Booker Prize winner accused of plagiarising Stanley Kubrick film

David Szalay will defend the similarities in an upcoming episode of BBC Radio’s This Cultural Life.

The author of the 2025 Booker Prize-winning novel, Flesh, has been accused of plagiarising the plot of Stanley Kubrick‘s 1975 film, Barry Lyndon.

David Szalay’s Flesh, was acknowledged for it originality, with judges saying they had “never read anything quite like it”.

But some have now come out to say the work is perhaps not so unique, being reminiscent of Kubrick’s film, The Times reports.

Flesh is about a working-class Hungarian, István, who has a rags to riches to rags story. In Kubrick’s film, protagonist Barry Lyndon is from an impoverished background in Ireland.

Generally, both characters are soldiers who accumulate wealth, marry rich women, lose sons, and contend with mistrusting stepsons whose lives they consider taking and then eventually spare.
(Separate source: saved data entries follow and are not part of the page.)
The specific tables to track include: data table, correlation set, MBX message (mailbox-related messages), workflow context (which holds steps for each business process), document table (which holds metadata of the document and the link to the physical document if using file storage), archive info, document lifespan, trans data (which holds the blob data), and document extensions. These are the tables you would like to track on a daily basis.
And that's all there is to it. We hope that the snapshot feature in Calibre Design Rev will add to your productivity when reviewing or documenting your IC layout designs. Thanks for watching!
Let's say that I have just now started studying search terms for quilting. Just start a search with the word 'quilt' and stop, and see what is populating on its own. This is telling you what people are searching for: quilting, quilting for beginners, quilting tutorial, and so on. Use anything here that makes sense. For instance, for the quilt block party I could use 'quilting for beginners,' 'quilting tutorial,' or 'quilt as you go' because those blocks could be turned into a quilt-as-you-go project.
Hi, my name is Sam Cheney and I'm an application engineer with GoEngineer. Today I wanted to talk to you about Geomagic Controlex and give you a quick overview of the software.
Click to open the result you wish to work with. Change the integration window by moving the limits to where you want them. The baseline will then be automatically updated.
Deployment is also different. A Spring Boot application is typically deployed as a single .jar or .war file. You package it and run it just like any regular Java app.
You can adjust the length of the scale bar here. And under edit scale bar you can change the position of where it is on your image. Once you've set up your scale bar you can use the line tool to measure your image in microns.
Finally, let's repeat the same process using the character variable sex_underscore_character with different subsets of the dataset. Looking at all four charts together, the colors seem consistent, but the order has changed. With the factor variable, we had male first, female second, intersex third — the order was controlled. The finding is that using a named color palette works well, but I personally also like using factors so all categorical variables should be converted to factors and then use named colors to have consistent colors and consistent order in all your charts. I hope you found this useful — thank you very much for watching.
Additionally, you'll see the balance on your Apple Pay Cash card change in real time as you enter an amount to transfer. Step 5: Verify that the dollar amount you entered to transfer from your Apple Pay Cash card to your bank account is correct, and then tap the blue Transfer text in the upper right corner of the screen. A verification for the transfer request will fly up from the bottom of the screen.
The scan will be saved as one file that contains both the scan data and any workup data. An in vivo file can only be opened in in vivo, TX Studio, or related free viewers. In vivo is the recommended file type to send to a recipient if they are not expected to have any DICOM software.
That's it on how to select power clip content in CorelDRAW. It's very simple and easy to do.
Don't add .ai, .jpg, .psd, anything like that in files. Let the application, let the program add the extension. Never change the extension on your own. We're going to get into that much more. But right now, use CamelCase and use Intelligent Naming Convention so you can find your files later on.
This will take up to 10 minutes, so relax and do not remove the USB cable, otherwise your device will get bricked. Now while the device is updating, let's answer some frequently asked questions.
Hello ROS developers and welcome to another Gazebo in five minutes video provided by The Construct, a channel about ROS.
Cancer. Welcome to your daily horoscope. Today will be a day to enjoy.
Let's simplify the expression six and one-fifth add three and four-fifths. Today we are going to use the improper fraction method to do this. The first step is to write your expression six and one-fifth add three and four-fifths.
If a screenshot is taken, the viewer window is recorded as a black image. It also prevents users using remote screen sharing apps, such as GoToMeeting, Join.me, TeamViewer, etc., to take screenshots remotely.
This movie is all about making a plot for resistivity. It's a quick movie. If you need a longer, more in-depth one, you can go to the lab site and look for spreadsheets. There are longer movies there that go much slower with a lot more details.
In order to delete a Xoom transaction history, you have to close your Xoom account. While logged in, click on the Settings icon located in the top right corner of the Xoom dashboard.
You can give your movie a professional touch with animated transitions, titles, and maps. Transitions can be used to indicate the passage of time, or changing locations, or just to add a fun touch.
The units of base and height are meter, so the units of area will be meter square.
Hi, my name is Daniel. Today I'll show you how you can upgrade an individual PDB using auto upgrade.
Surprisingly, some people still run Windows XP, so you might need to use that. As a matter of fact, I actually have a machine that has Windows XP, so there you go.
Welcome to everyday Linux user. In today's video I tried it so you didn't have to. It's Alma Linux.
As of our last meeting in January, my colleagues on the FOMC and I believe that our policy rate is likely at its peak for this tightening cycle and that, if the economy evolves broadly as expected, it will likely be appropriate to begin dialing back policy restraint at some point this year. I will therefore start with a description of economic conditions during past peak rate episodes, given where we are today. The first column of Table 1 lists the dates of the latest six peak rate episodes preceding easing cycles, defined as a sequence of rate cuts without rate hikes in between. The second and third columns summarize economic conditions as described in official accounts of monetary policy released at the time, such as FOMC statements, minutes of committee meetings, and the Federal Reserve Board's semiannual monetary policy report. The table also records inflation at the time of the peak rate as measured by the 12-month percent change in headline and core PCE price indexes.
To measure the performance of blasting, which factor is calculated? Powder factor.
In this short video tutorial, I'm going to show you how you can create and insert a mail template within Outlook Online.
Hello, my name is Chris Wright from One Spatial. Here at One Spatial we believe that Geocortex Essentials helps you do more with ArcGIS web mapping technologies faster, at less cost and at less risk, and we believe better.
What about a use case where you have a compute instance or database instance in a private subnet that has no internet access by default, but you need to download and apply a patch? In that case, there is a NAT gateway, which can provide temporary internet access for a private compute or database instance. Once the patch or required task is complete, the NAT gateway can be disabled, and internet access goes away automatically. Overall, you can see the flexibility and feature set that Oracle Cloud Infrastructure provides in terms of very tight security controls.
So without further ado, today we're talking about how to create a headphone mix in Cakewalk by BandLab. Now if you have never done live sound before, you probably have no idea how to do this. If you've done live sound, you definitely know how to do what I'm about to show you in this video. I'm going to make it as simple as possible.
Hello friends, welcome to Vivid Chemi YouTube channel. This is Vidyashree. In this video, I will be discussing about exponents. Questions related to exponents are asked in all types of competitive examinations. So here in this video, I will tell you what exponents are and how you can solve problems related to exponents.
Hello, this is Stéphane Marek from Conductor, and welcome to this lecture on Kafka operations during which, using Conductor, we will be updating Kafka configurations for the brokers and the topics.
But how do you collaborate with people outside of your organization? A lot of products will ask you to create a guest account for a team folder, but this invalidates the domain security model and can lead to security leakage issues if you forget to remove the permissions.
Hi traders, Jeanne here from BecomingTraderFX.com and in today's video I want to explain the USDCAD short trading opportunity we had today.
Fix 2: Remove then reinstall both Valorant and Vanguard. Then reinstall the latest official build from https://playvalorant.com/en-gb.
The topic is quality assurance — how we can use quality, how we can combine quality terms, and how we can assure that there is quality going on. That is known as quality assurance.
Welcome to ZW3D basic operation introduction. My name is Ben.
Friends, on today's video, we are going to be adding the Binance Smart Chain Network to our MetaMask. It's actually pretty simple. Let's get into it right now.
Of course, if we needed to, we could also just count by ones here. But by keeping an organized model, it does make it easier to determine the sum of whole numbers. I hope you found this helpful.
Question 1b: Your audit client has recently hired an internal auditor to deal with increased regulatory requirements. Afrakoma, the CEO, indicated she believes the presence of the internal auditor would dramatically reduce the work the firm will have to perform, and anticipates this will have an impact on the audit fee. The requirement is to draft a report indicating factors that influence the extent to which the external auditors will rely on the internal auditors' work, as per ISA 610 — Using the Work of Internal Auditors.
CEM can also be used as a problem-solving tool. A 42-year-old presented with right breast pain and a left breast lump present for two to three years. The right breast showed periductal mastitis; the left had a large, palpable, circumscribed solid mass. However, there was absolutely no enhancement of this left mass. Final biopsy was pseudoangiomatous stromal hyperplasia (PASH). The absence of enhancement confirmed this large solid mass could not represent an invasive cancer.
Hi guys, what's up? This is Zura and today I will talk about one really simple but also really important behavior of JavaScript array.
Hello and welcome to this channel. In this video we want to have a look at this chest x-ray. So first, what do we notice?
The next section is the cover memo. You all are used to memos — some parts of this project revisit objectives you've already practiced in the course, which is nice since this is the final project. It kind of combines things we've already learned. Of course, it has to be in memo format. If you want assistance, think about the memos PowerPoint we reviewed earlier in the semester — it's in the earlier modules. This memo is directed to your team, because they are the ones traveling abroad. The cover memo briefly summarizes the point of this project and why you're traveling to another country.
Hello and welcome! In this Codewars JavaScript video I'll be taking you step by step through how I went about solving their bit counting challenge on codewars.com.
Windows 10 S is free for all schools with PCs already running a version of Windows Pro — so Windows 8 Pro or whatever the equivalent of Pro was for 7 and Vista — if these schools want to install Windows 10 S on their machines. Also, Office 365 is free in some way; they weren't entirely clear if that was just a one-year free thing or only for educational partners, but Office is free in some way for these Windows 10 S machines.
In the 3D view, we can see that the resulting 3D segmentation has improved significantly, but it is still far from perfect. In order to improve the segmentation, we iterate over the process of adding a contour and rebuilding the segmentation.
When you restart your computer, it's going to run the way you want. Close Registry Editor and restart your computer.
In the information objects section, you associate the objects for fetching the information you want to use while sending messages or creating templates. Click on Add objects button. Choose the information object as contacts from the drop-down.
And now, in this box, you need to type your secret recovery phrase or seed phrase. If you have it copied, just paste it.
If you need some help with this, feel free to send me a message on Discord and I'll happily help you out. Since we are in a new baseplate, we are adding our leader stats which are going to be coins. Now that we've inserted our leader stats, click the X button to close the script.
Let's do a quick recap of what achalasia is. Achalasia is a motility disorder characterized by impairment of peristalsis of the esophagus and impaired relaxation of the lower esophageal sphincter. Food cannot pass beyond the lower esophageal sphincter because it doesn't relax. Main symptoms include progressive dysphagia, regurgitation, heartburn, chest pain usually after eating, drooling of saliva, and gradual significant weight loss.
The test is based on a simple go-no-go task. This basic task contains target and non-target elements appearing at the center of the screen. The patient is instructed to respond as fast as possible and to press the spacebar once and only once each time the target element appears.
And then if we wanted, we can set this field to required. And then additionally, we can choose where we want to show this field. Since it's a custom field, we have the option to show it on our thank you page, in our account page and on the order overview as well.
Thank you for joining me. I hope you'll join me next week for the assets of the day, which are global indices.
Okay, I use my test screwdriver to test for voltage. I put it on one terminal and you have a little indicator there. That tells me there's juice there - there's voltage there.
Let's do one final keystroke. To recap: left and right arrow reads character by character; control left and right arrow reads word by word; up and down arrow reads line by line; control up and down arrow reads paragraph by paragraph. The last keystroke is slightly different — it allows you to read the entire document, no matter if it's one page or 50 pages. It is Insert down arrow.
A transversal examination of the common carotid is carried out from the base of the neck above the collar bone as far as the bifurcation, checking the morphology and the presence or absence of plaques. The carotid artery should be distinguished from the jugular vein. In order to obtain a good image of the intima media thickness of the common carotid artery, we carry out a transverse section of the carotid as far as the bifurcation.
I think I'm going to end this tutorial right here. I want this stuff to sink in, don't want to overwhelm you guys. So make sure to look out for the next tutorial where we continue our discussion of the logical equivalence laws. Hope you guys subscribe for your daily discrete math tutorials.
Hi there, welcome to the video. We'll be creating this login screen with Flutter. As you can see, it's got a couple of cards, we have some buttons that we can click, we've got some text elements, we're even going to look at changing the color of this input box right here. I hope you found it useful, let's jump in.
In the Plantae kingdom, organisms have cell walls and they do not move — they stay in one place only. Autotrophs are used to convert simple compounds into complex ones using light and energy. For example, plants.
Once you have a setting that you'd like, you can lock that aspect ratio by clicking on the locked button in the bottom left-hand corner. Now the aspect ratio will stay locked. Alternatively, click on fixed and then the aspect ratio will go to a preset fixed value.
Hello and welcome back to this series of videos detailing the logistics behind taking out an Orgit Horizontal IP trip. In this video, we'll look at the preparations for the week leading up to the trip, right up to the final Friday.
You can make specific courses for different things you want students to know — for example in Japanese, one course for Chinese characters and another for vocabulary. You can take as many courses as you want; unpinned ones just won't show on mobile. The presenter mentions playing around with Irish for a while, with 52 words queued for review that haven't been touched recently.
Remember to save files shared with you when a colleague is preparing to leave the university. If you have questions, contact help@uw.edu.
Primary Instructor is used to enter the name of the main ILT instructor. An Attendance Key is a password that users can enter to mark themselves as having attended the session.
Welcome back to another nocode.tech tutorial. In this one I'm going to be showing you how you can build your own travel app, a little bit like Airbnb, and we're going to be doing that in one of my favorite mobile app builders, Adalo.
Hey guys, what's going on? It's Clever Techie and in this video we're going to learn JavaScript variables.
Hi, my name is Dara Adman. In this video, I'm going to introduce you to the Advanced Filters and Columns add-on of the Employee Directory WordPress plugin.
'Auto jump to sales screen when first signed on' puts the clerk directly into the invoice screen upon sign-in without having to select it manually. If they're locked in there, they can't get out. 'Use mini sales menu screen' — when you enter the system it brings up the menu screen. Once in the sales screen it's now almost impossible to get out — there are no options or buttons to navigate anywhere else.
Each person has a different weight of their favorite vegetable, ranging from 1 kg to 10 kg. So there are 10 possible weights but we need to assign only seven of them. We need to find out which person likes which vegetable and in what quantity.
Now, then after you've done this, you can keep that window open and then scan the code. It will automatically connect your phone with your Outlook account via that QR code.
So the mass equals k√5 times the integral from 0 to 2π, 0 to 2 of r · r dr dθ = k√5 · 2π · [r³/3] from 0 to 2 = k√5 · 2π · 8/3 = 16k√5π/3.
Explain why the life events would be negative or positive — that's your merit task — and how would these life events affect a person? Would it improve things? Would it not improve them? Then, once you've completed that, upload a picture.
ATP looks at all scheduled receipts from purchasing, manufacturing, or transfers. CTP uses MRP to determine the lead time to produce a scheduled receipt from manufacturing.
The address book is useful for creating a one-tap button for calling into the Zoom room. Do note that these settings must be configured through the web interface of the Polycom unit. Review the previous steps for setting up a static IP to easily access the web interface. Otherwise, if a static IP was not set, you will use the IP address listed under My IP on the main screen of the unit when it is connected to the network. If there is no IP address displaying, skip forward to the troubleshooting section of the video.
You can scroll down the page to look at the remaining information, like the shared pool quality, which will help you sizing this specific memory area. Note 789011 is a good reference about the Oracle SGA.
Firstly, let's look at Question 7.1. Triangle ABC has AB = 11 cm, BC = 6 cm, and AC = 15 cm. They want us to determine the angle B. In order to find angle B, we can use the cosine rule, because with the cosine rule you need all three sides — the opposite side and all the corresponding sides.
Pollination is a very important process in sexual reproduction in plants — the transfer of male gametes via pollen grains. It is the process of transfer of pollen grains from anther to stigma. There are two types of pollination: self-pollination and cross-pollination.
At the end of both plots, the men are financially destroyed.

Booker Prize winner David Szalay controversy

Szalay will reportedly defend the similarities in an upcoming episode of BBC Radio 4’s This Cultural Life.

In the episode, which airs on Thursday, he is asked whether the film is a “direct reference”, to which he replies: “No, I wouldn’t go that far.”

The author then adds that Kubrick “wasn’t really at the front of my mind, I don’t think”.

Szalay did concede that the film had made “quite a strong impression” on him, but denied it was a direct copy.

Kubrick wrote the script to his film, and died in 1999, meaning Barry Lyndon will still be in copyright, although William Thackeray’s novel, The Luck of Barry Lyndon, published in 1884, is not.

Singer Dua Lipa interviewed Szalay for her book club podcast in 2025, and according to The Times, he said of Flesh‘s influences:

“He cited Jacob’s Room by Virginia Woolf and Lord Jim by Conrad, but not Barry Lyndon.

“A month later he told The Observer that its rags-to-riches arc “was an influence”, while in an earlier interview with an academic journal, English Studies, he acknowledged the link with Thackeray’s novel more fully.

“[It] was an influence on elements of the plot, absolutely,” he said. “Sometimes these echoes initially creep in unconsciously, then you notice they’re there, and you like them and emphasise them further. That’s what happened with allusions to picaresque narratives in Flesh.”

Critic David Sexton said Szalay has simply been inspired by the film – which is why he’s confused by the author’s reaction.

The former literary editor of the Evening Standard told The Times: “I don’t understand why, at this stage, he will not own up to it more.

“I – and everybody else who has noticed it – haven’t found anything wrong in it. It is not plagiarism; it is completely legitimate to adapt something, and I have always admired his writing.”